His first three marriages ended in divorce. A daughter from his second marriage, Mandy Maloney, died in 1998.

Survivors include his fourth wife, Betsy Terrell of Damariscotta, Maine, and their daughter, Jessica Terrell of Long Beach, Calif.; a son from his second marriage, Cahill Maloney of San Francisco; a daughter from his third marriage, Ingrid Lucia Marshall of New Orleans; an adopted daughter, Esther Terrell of Eastham, Mass.; a stepdaughter, Marisa Terrell of Damariscotta; Todd Londagin of Peekskill, N.Y., whom Mr. Pearlman raised as a son; and five grandchildren.

Mr. Neutrino "ardently imagined who he might be, and he has fearlessly embodied what he imagined," biographer Wilkinson wrote. "His past is one long poem to the random life."

After his trip across the Atlantic, Mr. Neutrino continued building rafts and making outlandish plans, which - thanks to his previous scrap-raft success - could not be entirely discounted.

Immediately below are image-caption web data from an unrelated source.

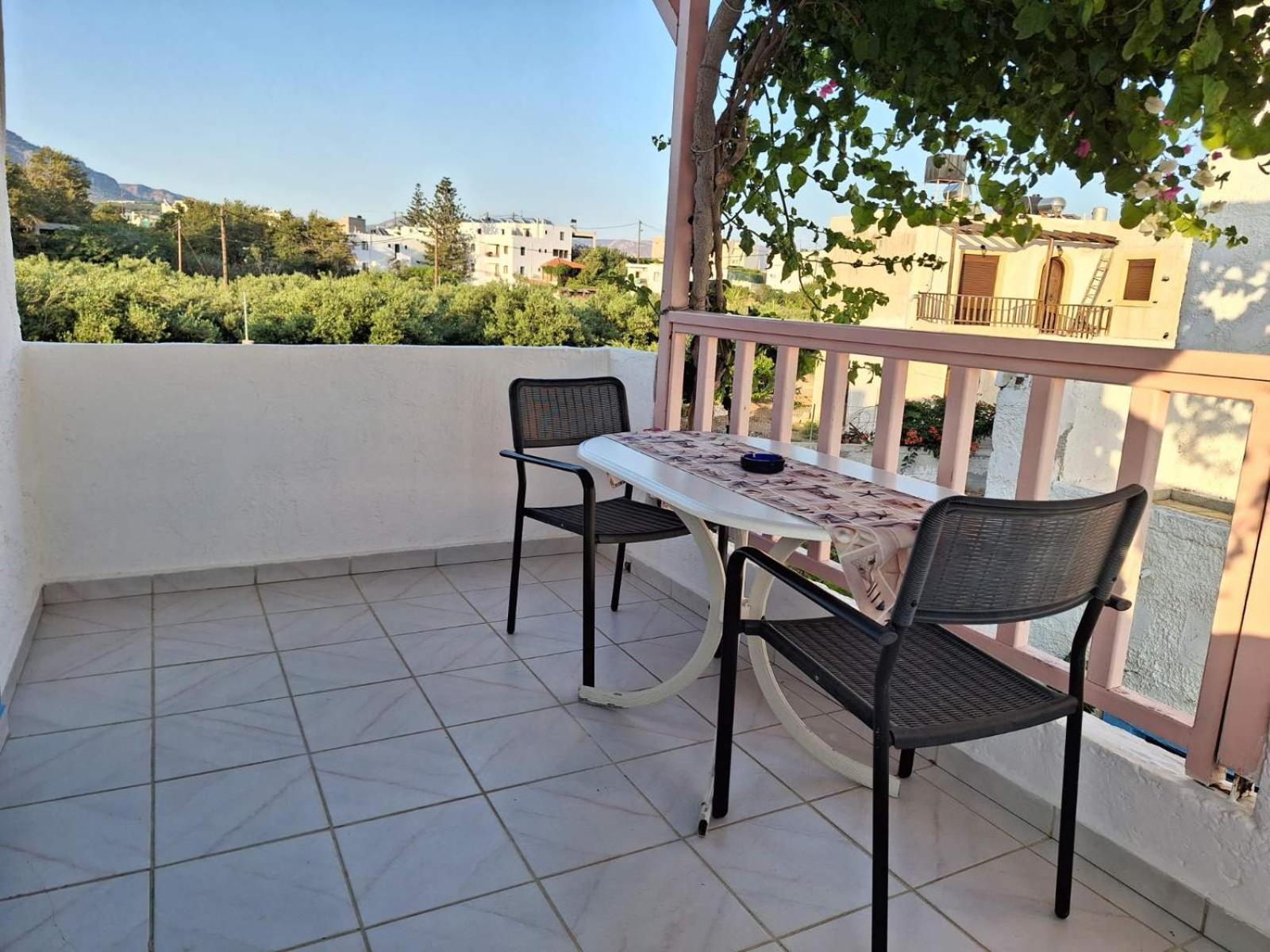 Βig Βlue Apartments Makrýgialos Extérieur photo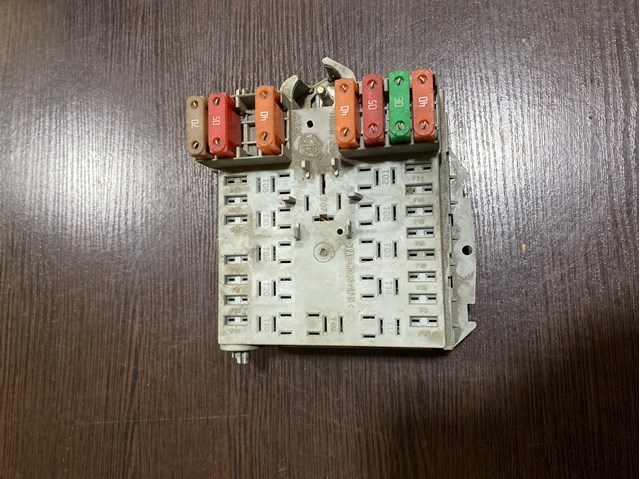 Монтажний блок 1332043080 FIAT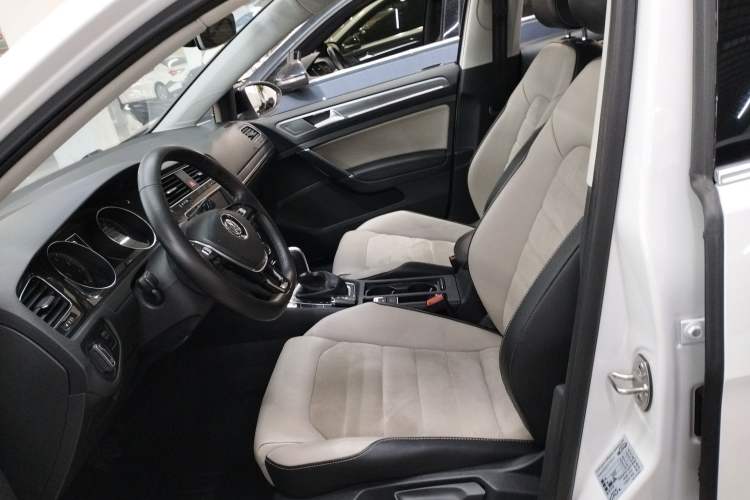 Used Volkswagen Golf 2017 230TSI Automatic Luxury Million-Vehicle Commemorative Edition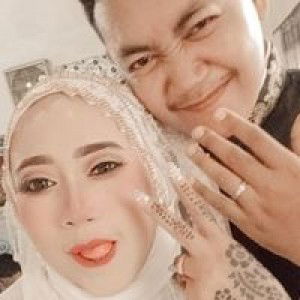 Aprilia Khasanah profile icon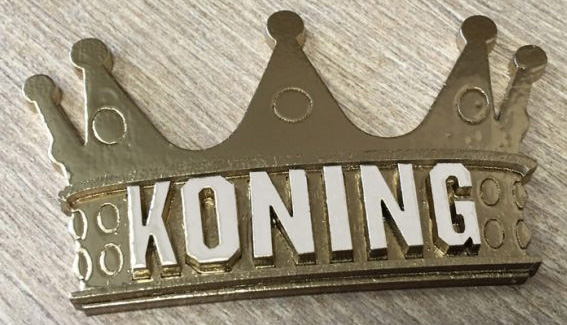 Een telefoonkroontje voor koning Toto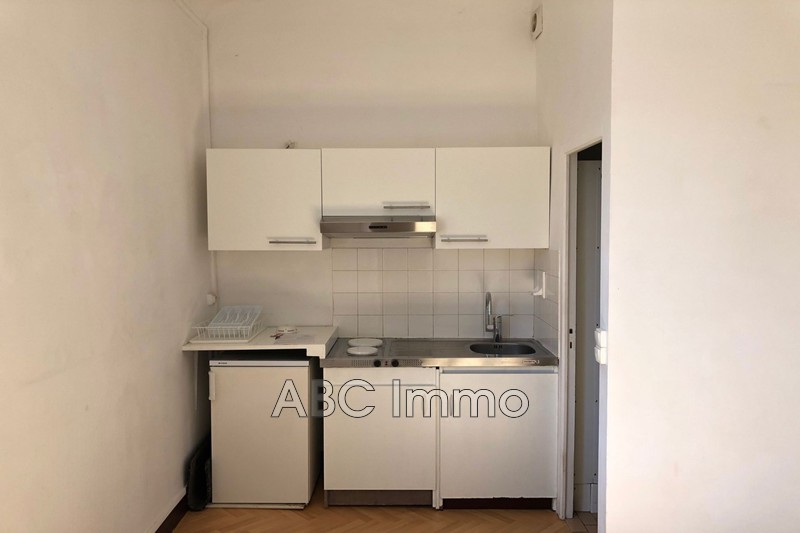 Photo Appartement Aix-en-Provence Location appartement 1 pièce 20 m²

At various points, he planned to lead a flotilla of homemade watercraft across the Pacific to China and to sail to India to rescue orphaned street children.

He formed a new political party, the Owl Party, with a three-plank platform: eye contact, courtesy and due process. And he aimed to travel around the world on a 100-foot raft he described as "an imperial destroyer armed with beauty and circus that will wage war on the monotony of life."

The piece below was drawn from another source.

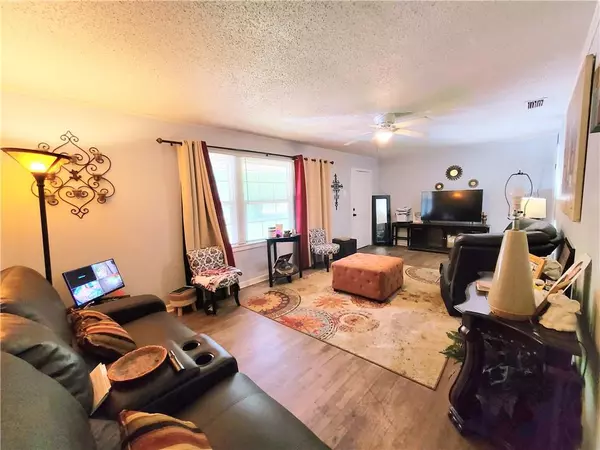 Mobile, AL 36618,5212 Colonial CIR N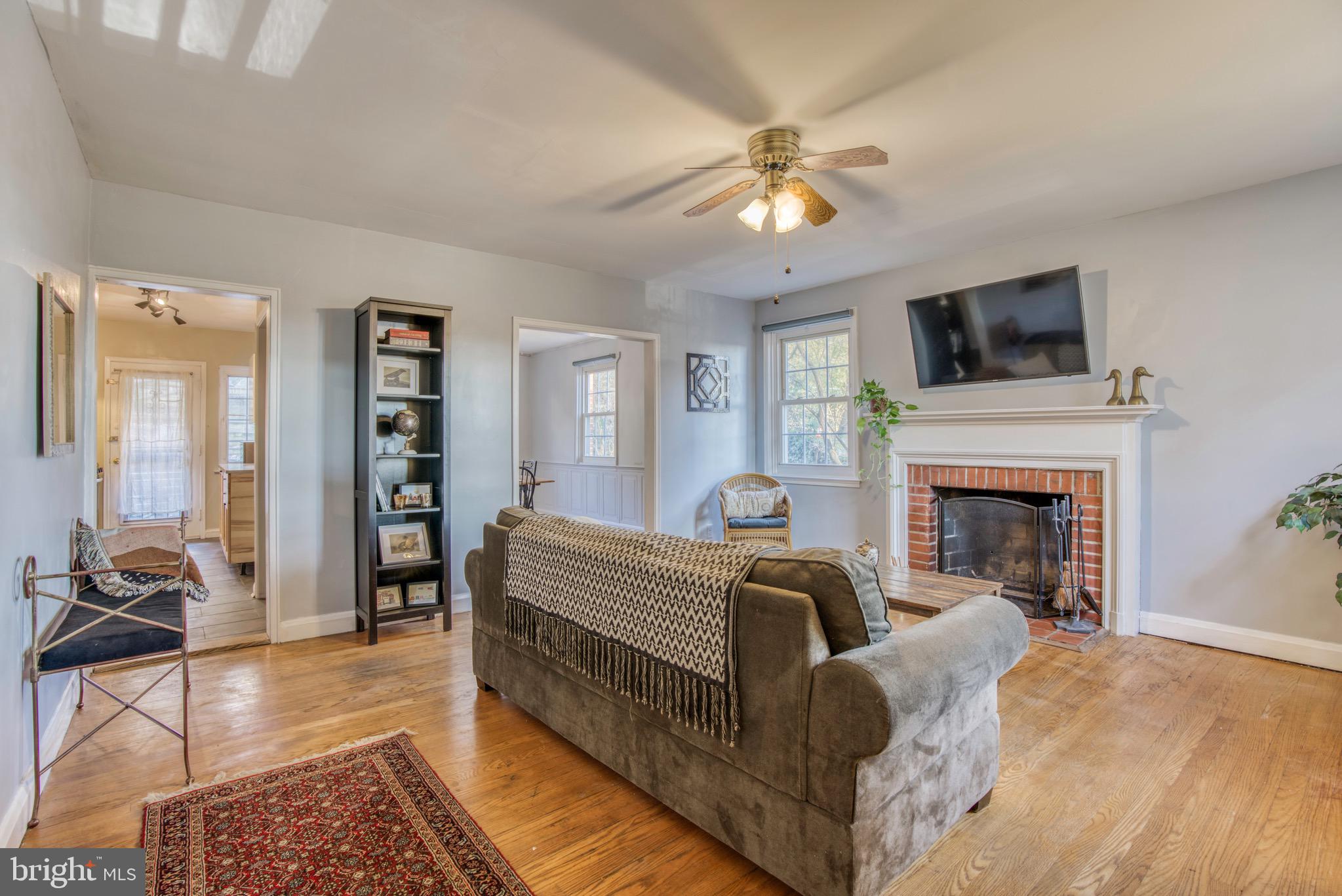 4003 Deepwood Road Baltimore, MD 21218 - Photo 7 of 52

He set off for that circumnavigation in November 2010, just three days after he was outfitted with a pacemaker. His doctors warned him not to go. "I told them destiny was waiting for me," Mr. Pearlman said.

Fate was not kind. Two days into the trip, his "Sea Owl" raft was caught in a storm and dashed against cliffs. Mr. Neutrino and his compatriots took shelter in a cave until they could be rescued.

He had recently traveled to New Orleans to visit family. "He died like he lived," his daughter, Jessica Terrell, wrote. "Plans in the works for a boat trip to Cuba the following week, a novel in progress, and $4.44 in his bank account."